In 2017, Buffalo NY decided to throw out the old “Elvis Code” and unanimously adopt the Buffalo Green Code. The Green Code is an award-winning form based zoning code that works to enrich our community by allowing more of what we already have – walkable, mixed use neighborhoods. What I describe as the most beautiful paragraph in the Green Code (6.1.1.F -detailed below for reference), neighborhood shops became legal again and are now able to be reopened with the granting of a special use permit from the City Council. Boom! Success!
Putting 6.1.1.F Into Action:
After the Buffalo Green Code was adopted, we saw this little building. It had two apartments and a micro 550sf storefront on the first floor that had been vacant since… you guessed it: the Elvis code!
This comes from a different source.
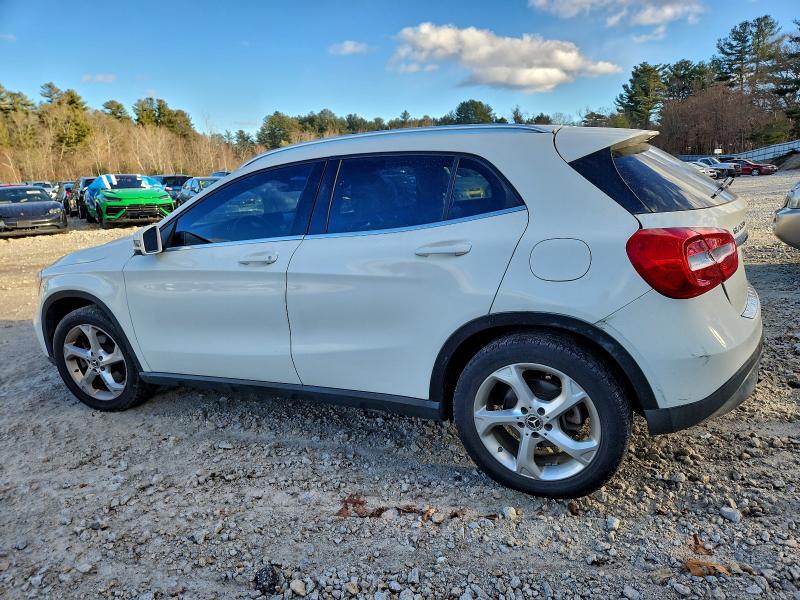 Фото 2 - MERCEDES-BENZ GLA-CLASS
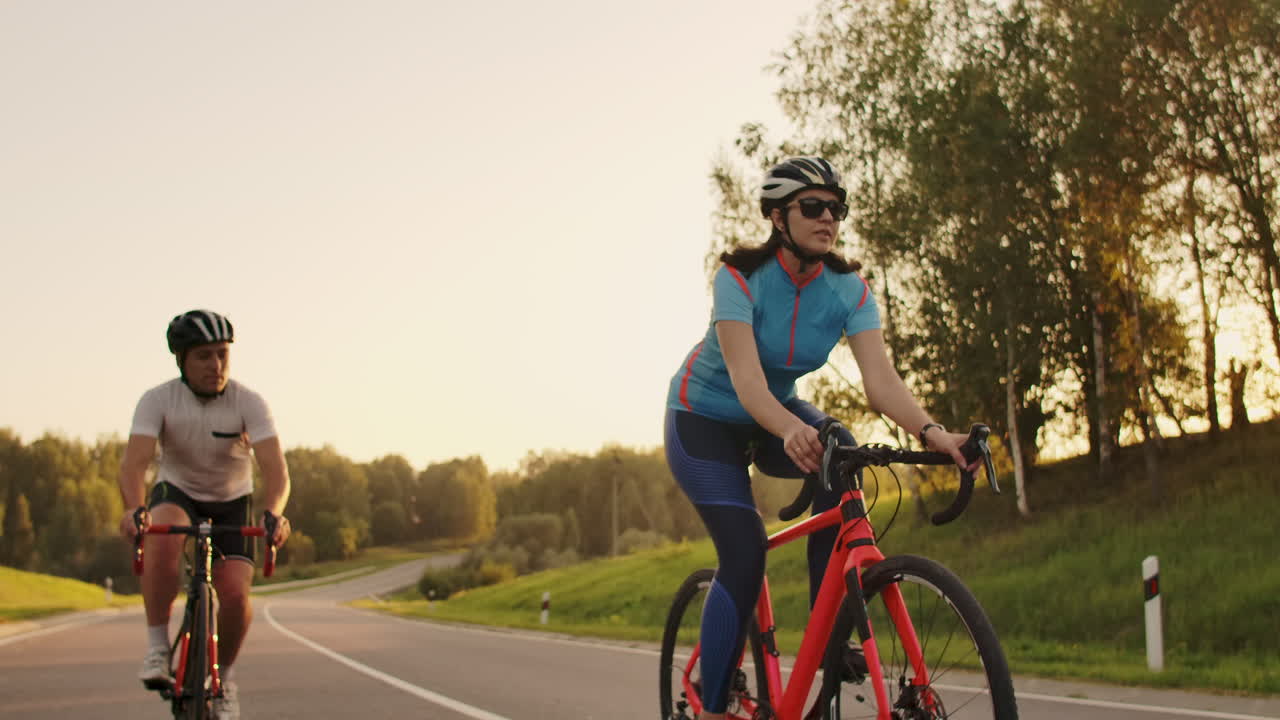 fotografía de seguimiento de un grupo de ciclistas en una carretera de campo. completamente liberado para uso comercial.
Knowing the new zoning rules, we took a leap to purchase an underutilized building on Buffalo’s West Side knowing very well that under the siding lay hidden original shopfront windows from 1920. We worked with a local bank who gave us a renovation loan based on the after renovation value which allowed us to dream bigger. We named her Sprout and started our journey to bringing her back to life.
Progress! Here we are removing the crappy 1960’s siding to expose the original shopfront windows for the first time in over fifty years! What a special moment it was. And go figure – we mentioned the space a few times and with little effort, we secured a perfect tenant – a coffee and pie shop! (See, dreams do come true – who doesn’t love pie?!?!)
The great thing about the Buffalo Green Code is that it is doing exactly what it was designed to do: rebuilding our city in a way that honors our past instead of destroying it.
Taking Action In Your Community:
How many vacant neighborhood shops exist in your world that could be neighborhood assets? Hop on your bicycle and count them. If you are looking to rescue the neighborhood shops in your community, consider adopting a zoning ordinance about them. Here is the language from our code to help you advocate for your neighborhood shops and if you’re a zoning nerd like me, you can read the entire thing here.
About the Buffalo Green Code provision that allows neighborhood shops:
6.1.1. F. Neighborhood Shops. An applicant is eligible to apply for a special use permit to establish or expand a commercial use in the N-2R or N-3R zone where the below criteria are met, irrespective of the limitations of Table 6A: Principal Uses. These criteria are intended to allow existing commercial buildings in residential zones to be utilized to incubate small businesses and artisans in order to serve as catalysts for neighborhood revitalization, as a tool for economic development, and as an important component of the walkability of a neighborhood.